Ernst cocked his head and regarded the boys closely. “Pacifism,” he muttered and turned to Keitel, who asked, “You’ve committed anti-Party activities?”

“No, sir.”

“You are Edelweiss Pirates?”

These were informal anti–National Socialist clubs of young people, some said gangs, rising up in reaction to the mindless regimentation of the Hitler Youth. They’d meet clandestinely for discussions about politics and art—and to sample some of the pleasures of life that the Party, publicly at least, condemned: drinking, smoking and unmarried sex. The brothers knew some young people who were members but they themselves were not. Kurt told the men this.

“The offense may seem minor, but”—Ernst displayed a piece of paper— “you have been sentenced to three years at Oranienburg camp.”

Hans gasped. Kurt felt stunned, thinking of the terrible beating they’d just seen, poor Mr. Grossman pounded into submission. Kurt knew too that people sometimes went to Oranienburg or Dachau to serve a short sentence but were never seen again. He sputtered, “There was no trial! We were arrested an hour ago! And today is Sunday. How can we have been sentenced?”

The colonel shrugged. “As you can see, there
was
a trial.” Ernst handed him the document, which contained dozens of prisoners’ names, Kurt’s and Hans’s among them. Next to each was the length of sentence. The heading on the document said simply “The People’s Court.” This was the infamous tribunal that consisted of two real judges and five men from the Party, the SS or the Gestapo. There was no appeal from its judgment.

He stared at it, numb.

The professor spoke. “You are in general good health, both of you?”
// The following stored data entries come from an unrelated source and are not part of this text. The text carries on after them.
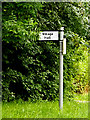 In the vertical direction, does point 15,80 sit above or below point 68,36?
below

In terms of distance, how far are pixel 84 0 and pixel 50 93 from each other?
10.8ft

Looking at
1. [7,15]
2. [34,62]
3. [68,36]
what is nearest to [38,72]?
[34,62]

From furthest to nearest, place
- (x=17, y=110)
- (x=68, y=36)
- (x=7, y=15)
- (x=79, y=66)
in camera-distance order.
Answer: (x=79, y=66), (x=68, y=36), (x=7, y=15), (x=17, y=110)

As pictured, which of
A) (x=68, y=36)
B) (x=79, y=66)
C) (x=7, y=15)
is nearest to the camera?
(x=7, y=15)

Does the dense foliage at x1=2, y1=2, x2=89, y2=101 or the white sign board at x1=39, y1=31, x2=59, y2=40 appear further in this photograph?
the dense foliage at x1=2, y1=2, x2=89, y2=101

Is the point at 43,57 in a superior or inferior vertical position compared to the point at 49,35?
inferior

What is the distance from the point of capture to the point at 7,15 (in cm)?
714

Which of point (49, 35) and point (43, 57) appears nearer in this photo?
point (49, 35)

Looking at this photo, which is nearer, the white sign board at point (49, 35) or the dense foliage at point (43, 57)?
the white sign board at point (49, 35)

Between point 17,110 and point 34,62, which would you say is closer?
point 17,110

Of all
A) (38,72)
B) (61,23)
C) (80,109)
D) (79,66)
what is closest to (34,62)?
(38,72)

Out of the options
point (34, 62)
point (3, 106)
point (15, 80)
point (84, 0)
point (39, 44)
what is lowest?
point (3, 106)

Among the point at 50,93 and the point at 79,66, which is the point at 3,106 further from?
the point at 79,66

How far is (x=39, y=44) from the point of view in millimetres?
8305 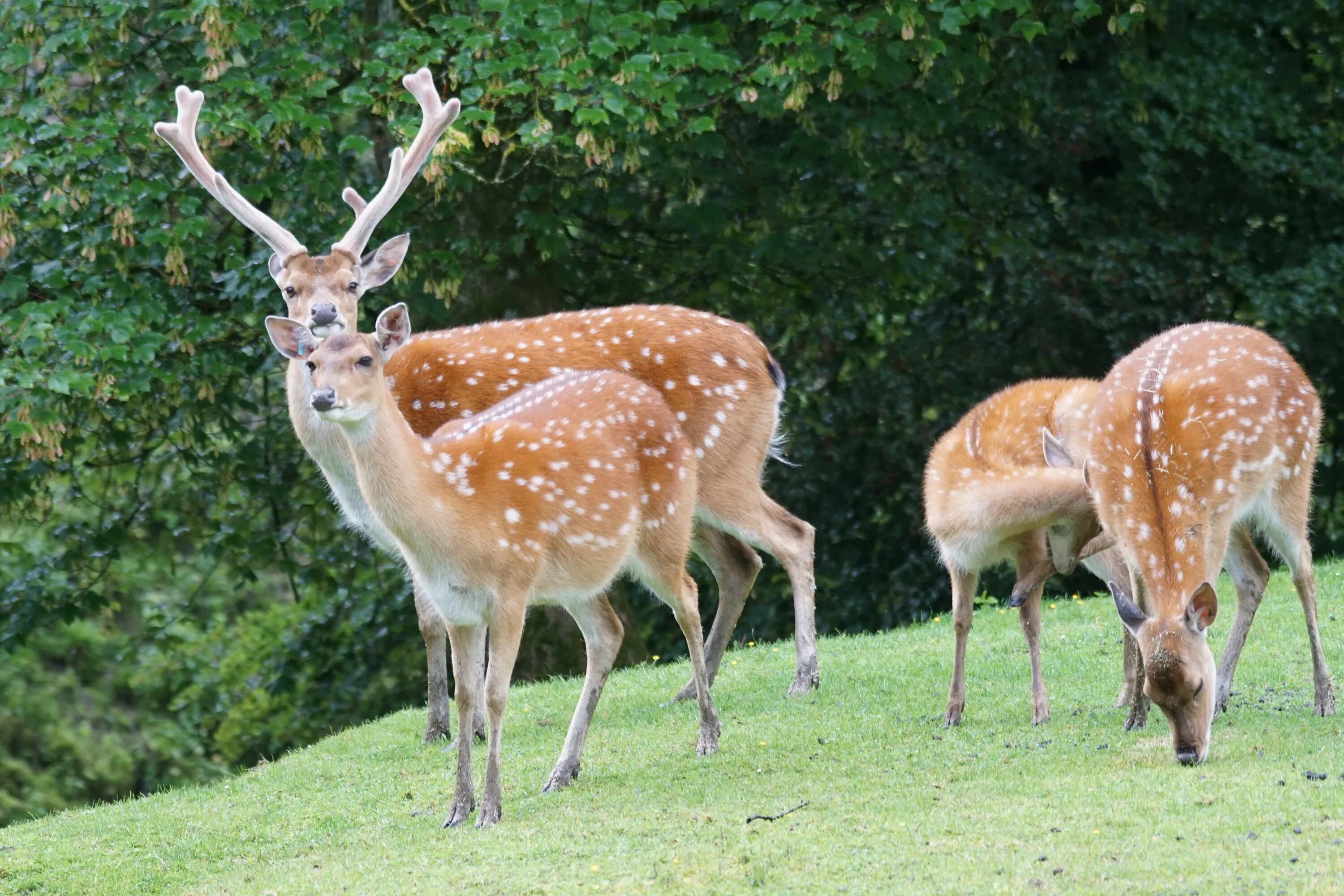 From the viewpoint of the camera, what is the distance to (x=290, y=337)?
6699 millimetres

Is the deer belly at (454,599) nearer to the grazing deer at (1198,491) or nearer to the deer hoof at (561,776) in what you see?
the deer hoof at (561,776)

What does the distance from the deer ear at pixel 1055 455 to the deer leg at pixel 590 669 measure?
1.97 m

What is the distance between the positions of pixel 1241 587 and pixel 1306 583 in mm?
363

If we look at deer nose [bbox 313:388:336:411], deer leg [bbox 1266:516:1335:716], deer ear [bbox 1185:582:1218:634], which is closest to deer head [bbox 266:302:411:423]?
deer nose [bbox 313:388:336:411]

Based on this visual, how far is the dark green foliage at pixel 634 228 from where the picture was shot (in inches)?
401

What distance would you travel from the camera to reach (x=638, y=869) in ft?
17.7

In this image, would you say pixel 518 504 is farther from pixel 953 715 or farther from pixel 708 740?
pixel 953 715

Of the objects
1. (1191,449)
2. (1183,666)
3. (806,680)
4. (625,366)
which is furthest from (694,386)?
(1183,666)

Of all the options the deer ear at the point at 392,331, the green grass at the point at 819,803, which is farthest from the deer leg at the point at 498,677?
the deer ear at the point at 392,331

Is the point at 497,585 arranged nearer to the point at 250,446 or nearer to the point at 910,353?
the point at 250,446

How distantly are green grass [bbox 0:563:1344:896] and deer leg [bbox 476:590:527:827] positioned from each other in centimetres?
12

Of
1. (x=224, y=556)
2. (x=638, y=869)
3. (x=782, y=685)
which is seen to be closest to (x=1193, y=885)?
(x=638, y=869)

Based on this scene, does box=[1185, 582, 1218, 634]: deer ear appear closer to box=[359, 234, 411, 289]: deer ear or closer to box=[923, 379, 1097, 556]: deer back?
box=[923, 379, 1097, 556]: deer back

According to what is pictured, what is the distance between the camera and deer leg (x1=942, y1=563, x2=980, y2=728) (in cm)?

The brothers glanced at each other and nodded.

“Jewish to any degree?”

“No.”

“And you have done Labor Service?”

Kurt said, “My brother has. I was too old.”

“As to the matter at hand,” Professor Keitel said, “we are here to offer you a choice.” He seemed impatient.

“Choice?”

Ernst’s voice lowered and he continued. “It is the thinking of some people in our government that particular individuals should not participate in our military. Perhaps they are of a certain race or nationality, perhaps they are intellectuals, perhaps they tend to question decisions of our government. I, however, believe that a nation is only as great as its army, and that for an army to be great it must be representative of all its citizens. Professor Keitel and I are doing a study that we think will support some shifts in how the government views the German armed forces.” He glanced back into the hall and said to the SA guard, “You can leave us.”

“But, sir—”

“You can leave us,” Ernst repeated in a calm voice and yet it seemed to Kurt as strong as Krupp steel.

The man glanced again at Kurt and Hans and then receded down the hall.

Ernst continued. “And this study may very well ultimately determine how the government values its citizens in general. We have been looking for men in your circumstances to help us.”

The professor said, “We need healthy young men who would otherwise be excluded from military service for political or other reasons.”

“And what would we do?”

Ernst gave a brief laugh. “Why, you’d become soldiers, of course. You would serve in the German army, navy or air force for one year, regular duty.”